→ Exercise
Wherever the word "white" shows up in the data, report the line it sits in.

──────── Data provided ────────

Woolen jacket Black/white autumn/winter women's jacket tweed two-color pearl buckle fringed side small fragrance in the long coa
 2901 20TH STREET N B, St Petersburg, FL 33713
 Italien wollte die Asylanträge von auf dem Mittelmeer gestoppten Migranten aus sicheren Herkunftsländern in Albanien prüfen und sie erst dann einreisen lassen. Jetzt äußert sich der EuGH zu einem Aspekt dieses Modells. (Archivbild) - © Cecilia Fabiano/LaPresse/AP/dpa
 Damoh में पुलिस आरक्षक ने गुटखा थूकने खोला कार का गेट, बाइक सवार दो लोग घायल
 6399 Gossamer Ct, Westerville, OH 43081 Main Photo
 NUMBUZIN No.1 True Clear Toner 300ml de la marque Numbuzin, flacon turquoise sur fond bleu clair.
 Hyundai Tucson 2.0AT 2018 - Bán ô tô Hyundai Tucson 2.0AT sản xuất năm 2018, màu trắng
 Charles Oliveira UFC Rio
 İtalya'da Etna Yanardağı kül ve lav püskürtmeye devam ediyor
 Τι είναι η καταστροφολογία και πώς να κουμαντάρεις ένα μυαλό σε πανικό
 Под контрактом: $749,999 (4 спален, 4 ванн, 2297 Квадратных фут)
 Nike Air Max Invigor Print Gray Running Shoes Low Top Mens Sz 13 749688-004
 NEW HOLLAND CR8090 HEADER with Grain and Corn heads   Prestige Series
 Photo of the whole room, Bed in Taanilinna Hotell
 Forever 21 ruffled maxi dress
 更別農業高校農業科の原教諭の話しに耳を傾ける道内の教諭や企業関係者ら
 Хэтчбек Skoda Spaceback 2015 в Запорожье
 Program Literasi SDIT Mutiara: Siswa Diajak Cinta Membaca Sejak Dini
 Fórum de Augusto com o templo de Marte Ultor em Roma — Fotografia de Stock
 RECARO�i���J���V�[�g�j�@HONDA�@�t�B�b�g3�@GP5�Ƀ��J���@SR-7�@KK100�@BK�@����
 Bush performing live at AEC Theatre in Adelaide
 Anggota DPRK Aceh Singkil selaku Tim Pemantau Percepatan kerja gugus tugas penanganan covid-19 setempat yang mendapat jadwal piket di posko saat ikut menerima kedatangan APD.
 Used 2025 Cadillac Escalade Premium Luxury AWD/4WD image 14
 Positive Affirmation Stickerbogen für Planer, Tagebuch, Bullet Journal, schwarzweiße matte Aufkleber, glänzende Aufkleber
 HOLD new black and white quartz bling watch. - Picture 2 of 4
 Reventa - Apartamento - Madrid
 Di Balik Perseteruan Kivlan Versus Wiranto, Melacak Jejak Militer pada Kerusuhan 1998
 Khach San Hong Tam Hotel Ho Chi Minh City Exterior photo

────────

→ Solution for this exercise
Woolen jacket Black/white autumn/winter women's jacket tweed two-color pearl buckle fringed side small fragrance in the long coa
 HOLD new black and white quartz bling watch. - Picture 2 of 4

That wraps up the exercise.